- Hangul: 문훈숙
- RR: Mun Hunsuk
- MR: Mun Hunsuk

= Julia Moon =

Julia H. Moon also known as Hoon Sook Moon (born Hoon Sook Pak, January 1, 1963) is the General Director of Universal Ballet in South Korea, and daughter-in-law of Sun Myung Moon, founder of the ballet company. She was the prima ballerina of the company.

==Biography==

===Early life===
Julia Moon was born in 1963 in Washington, D.C., as Hoon Sook Pak. Her father, Bo Hi Pak, is a senior leader in the Unification Church and has been responsible for News World Communications (which published The Washington Times), CAUSA International, the Little Angels Children's Folk Ballet of Korea, and other church related organizations.
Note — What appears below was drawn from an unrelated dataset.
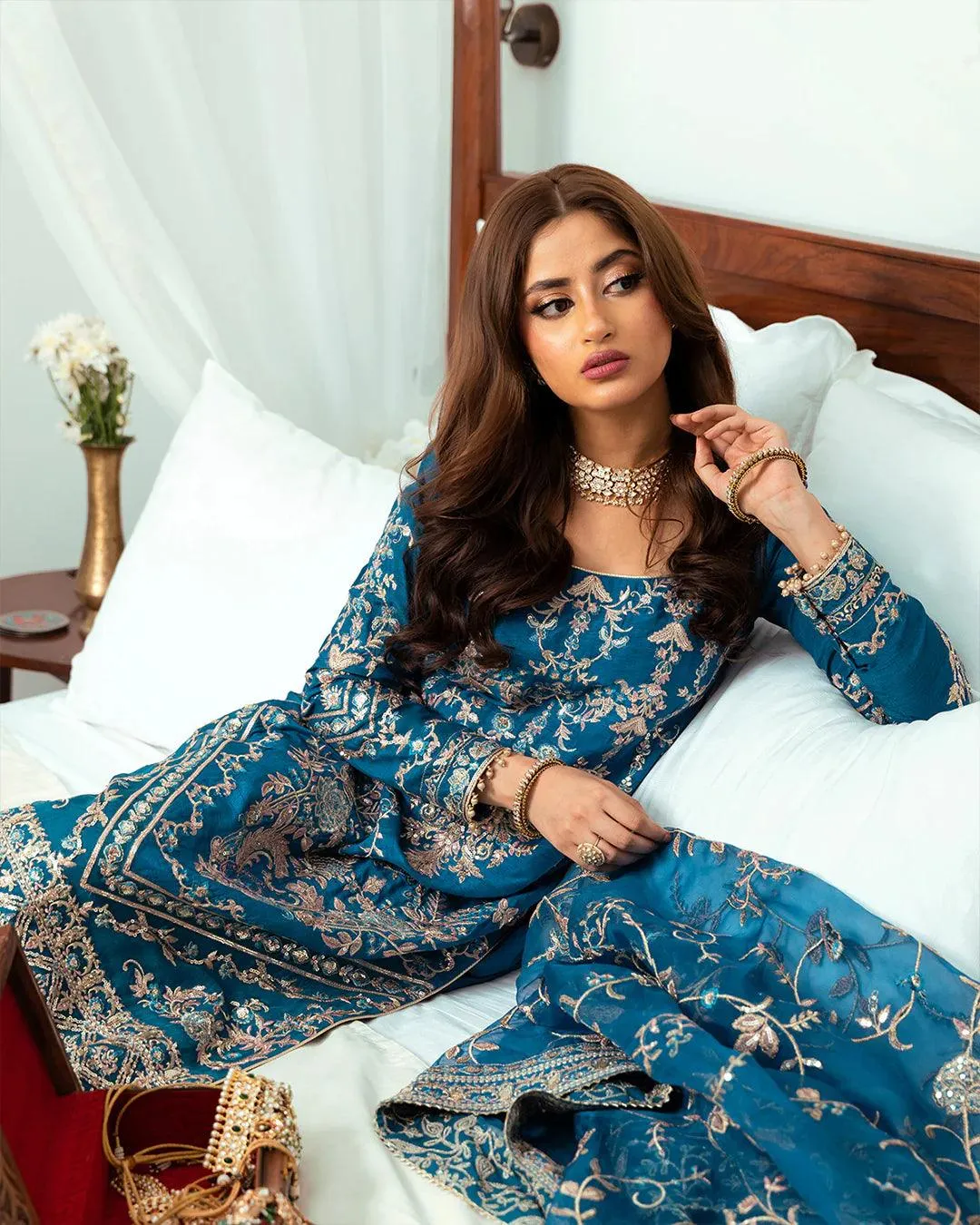 Faiza Saqlain Luxury Hand Embroidered Net Collection Unstitched 3 Pc ARIYA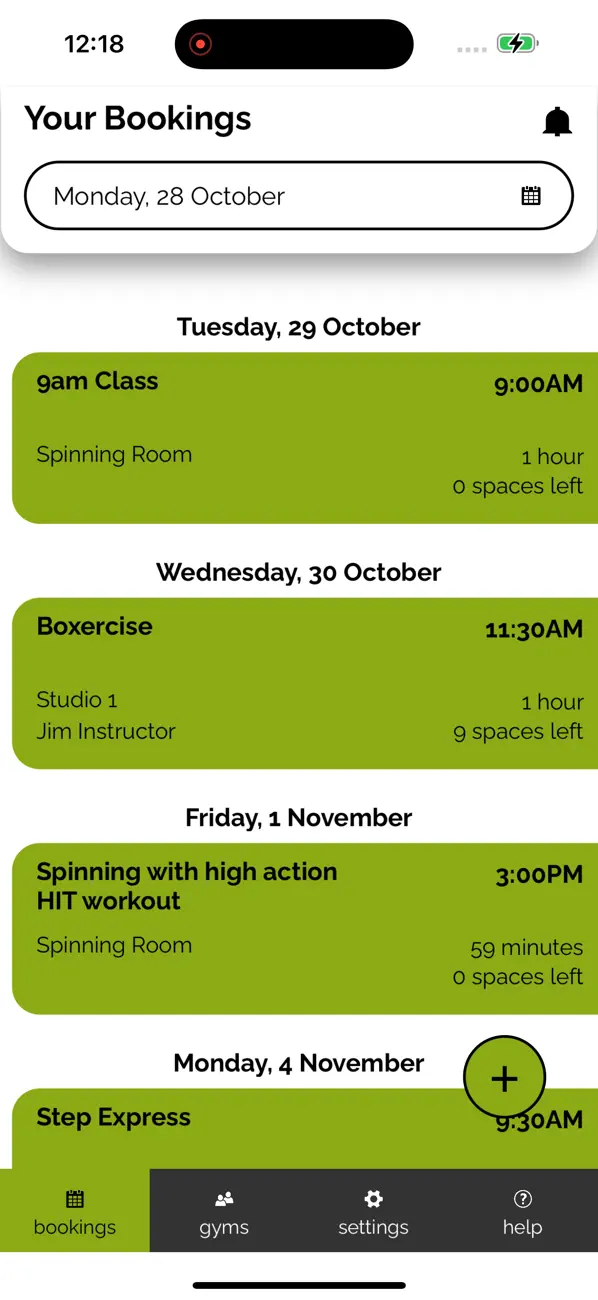 Screenshot #2 pour GymSync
At the age of ten, Julia Moon traveled to Korea to receive dance instruction with the Little Angels, which had been founded in 1962 by Sun Myung Moon. She performed as a singer and dancer with them. "At first, I was interested in gymnastics. Then I wanted to dance, but when I realized how much hard work it involved, I wanted to change. But my parents were very encouraging about me continuing with ballet," she said. She took courses in ballet at the Sun Hwa Arts School in Seoul, and subsequently received instruction at the Royal Ballet School in London and L'Academie de Dance Classique de Princess Grace of Monaco. She was a dancer with the Ohio Ballet, and the Washington Ballet; joining the latter in 1982.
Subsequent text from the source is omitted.